2. Cognitive Disorganization

Cognitive disorganization, that is, the tendency for thought to become disorganized or tangential, is also characteristic of some mental illnesses. However, it is a fairly common symptom among people suffering from dual pathology, regardless of their diagnosis of mental disorder.

3. Impulsivity and aggressiveness

Patients diagnosed with dual pathology tend to present impulsive and/or violent behaviors. This choleric behaviour can occur both in the form of self-aggression , provoking self-harm, and in the form of aggression towards others expressed in a sudden and impulsive manner.

Treatments for dual pathology

At present, no specific treatment has been developed for people with dual pathology. The protocol of action consists of addressing the mental disorder on the one hand and, on the other, carrying out a parallel intervention for the substance use disorder.

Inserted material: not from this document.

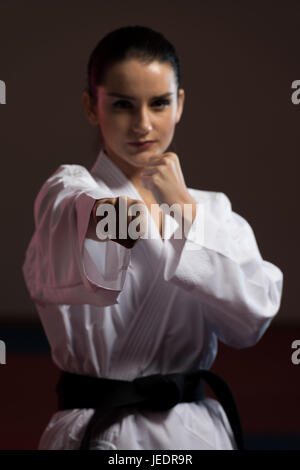 Junge Frau, gekleidet In traditionellen Kimono üben ihre Karate-Moves - Schwarzgurt Stockfoto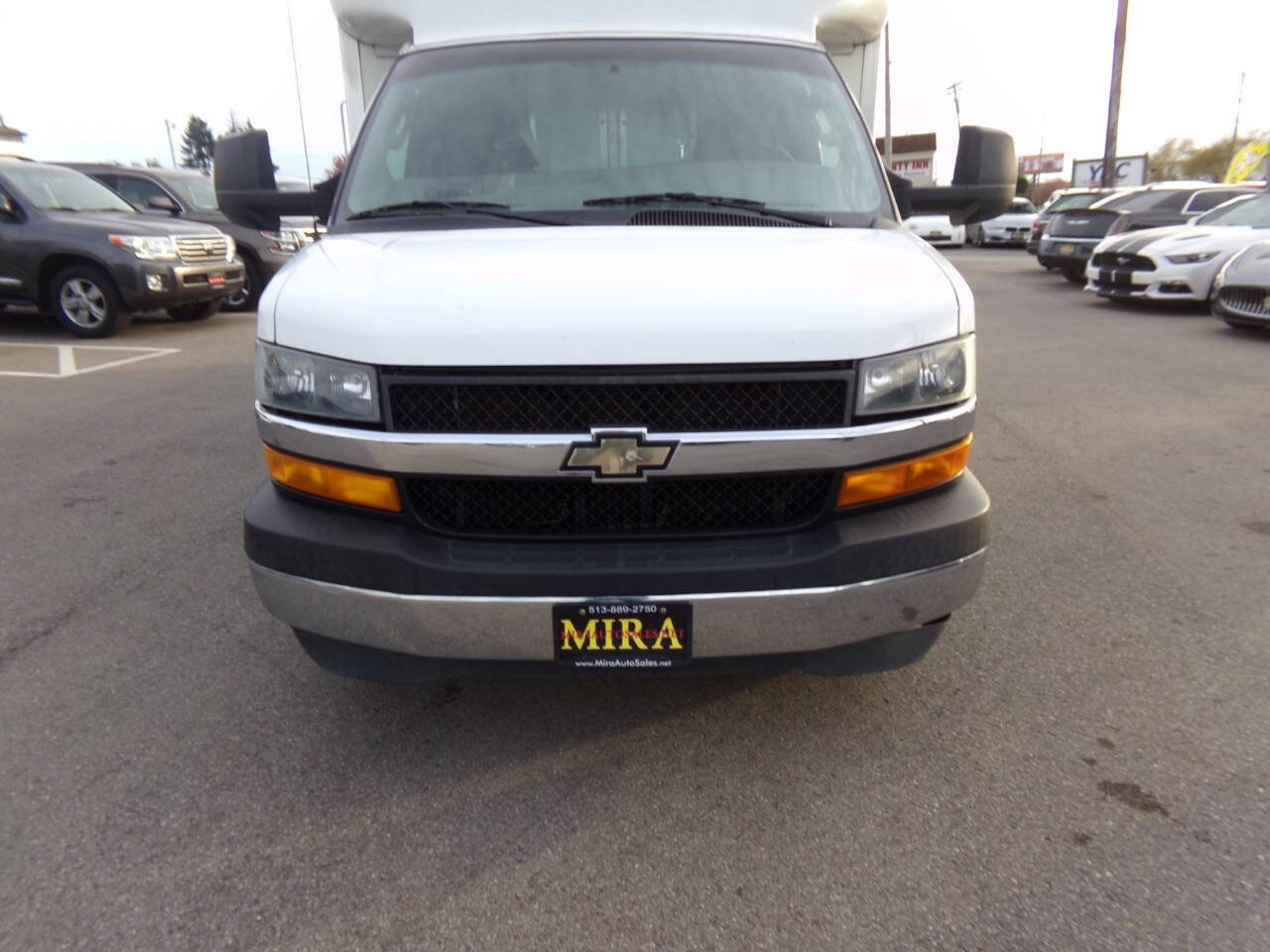 Used 2018 Chevrolet Express 3500 w/ Power Convenience Package image 42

These treatments consist of a combination of psychological intervention, which is considered to be the treatment of choice in practically all cases, with the administration of psychotropic drugs , which present a more limited efficacy but are very useful in reducing the symptoms that interfere with the patient’s evolution.

Likewise, it is also necessary to intervene with the patient’s relatives , in order to facilitate their management of coexistence and to confront the patient’s symptoms and behaviours.

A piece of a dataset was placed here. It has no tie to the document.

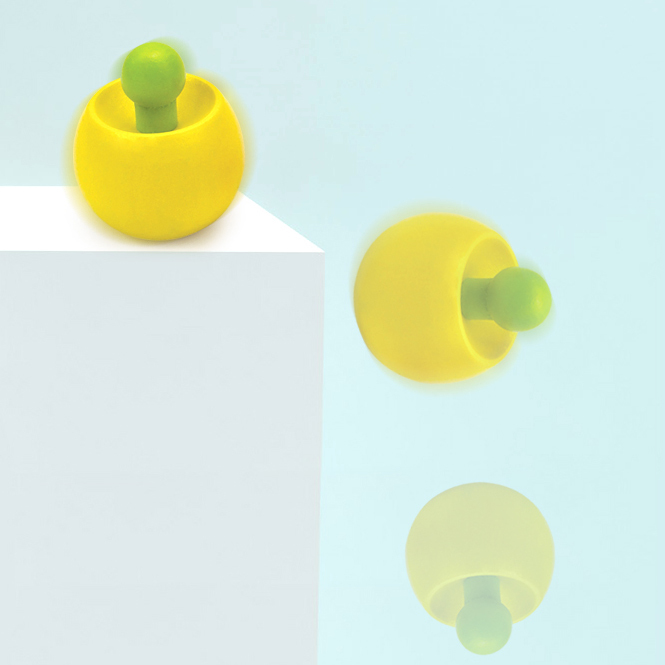 色彩繽紛的木製陀螺在平滑表面上旋轉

In cases where the substance use disorder underlies the psychiatric illness, the treatment of the drug dependency will be prioritized to that of the mental disorder . Since it is very likely that by decreasing the symptoms of the former, the symptoms of the latter will also improve.

Another intervention that has proved very useful in the treatment of dual pathology is psycho-educational techniques aimed at raising awareness of the effects and dangers of substance use, as well as motivational interviewing.

Associated Personality Disorders

As mentioned above, there are many mental disorders or conditions that can appear or be part of a dual pathology . However, there are two of them that stand out for their degree of appearance. These are antisocial personality disorder and borderline personality disorder, for which there is a more specific type of intervention.

Antisocial personality disorder

There are usually two types of difficulties in the intervention with these patients. One of these is that it is not usual for the patient to attend the treatment by their own determination , and therefore both the healthcare personnel and the therapist are perceived as “enemies”.

The second complication is that drug use tends to remain and resist psychological treatment , which generates high levels of frustration in the clinician.

Because of these two factors, it is advisable to follow a series of guidelines arranged in a hierarchical manner. Throughout which a series of cognitive and behavioural modifications must be implemented. This series of steps are:

  • Given that the patient’s behaviours have the goal of obtaining rewards or avoiding punishments , an analysis of the advantages and disadvantages of carrying out certain behaviours should be carried out together with the patient.
  • Once the patient is aware of the consequences of his actions and the results that this may have on others, he is guided around the consequences of his behaviour in the long term , using techniques such as guided imagination, which have been proven to be effective.
  • To act on the person so that he or she assimilates respect and appreciation for rules and consideration for others.

Borderline personality disorder

Much like antisocial personality disorder, people with borderline personality disorder are difficult to treat as they have a low tolerance for frustration , are very difficult to learn from their own mistakes , and persist in substance use.

Likewise, present a great variety of cognitive distortions and a tendency to dichotomous thinking that makes it difficult for the professional to intervene psychologically.

One of the steps to follow in the treatment of these patients is to work and provide the tools to improve their social skills , as well as to know how to manage frustration. Through cognitive restructuring, occupational therapy and family therapy, great advances have been made in the treatment of this type of dual pathology.